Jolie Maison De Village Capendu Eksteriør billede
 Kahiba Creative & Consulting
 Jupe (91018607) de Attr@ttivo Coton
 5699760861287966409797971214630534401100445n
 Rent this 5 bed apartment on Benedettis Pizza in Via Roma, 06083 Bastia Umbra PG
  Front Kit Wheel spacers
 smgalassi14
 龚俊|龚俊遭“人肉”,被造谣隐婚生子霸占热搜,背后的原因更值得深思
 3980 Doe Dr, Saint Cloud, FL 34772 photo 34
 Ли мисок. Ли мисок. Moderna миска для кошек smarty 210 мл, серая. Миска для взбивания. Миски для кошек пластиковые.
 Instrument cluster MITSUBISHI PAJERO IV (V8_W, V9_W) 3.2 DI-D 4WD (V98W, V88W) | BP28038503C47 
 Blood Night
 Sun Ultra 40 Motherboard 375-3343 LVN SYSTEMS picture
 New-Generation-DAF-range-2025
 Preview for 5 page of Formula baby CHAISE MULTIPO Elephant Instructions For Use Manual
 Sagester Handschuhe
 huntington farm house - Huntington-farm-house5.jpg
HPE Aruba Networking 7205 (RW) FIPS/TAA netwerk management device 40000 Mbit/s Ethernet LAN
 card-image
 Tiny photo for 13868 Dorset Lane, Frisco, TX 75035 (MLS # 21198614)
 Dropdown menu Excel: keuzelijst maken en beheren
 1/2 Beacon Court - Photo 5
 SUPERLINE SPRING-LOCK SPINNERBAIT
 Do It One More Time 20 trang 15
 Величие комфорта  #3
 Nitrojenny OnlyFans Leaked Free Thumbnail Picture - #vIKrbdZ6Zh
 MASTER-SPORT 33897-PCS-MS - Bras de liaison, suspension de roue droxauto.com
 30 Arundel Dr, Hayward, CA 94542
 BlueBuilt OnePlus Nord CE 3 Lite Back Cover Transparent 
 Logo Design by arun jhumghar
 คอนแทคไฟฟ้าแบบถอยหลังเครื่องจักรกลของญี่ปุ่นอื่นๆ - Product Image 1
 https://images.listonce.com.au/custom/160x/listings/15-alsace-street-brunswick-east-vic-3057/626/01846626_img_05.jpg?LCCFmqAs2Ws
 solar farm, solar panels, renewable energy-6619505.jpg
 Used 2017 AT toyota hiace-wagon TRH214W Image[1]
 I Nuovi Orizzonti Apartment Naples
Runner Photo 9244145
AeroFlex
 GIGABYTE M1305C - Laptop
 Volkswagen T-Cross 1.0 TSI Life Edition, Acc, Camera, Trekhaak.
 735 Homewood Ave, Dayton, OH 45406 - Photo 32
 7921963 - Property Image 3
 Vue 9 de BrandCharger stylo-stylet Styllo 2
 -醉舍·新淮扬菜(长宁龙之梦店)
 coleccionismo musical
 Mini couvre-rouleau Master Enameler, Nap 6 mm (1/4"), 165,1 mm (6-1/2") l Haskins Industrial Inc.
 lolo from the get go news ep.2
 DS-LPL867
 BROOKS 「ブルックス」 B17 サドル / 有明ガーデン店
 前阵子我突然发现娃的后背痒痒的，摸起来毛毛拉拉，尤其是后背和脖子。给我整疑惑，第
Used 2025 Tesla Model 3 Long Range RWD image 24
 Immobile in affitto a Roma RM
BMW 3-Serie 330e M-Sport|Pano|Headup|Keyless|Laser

[EXERCISE]
Retype only this range exactly: the first line of the data through the line where "smgalassi14" appears.

[SOLUTION TO THIS TASK]
Jolie Maison De Village Capendu Eksteriør billede
 Kahiba Creative & Consulting
 Jupe (91018607) de Attr@ttivo Coton
 5699760861287966409797971214630534401100445n
 Rent this 5 bed apartment on Benedettis Pizza in Via Roma, 06083 Bastia Umbra PG
  Front Kit Wheel spacers
 smgalassi14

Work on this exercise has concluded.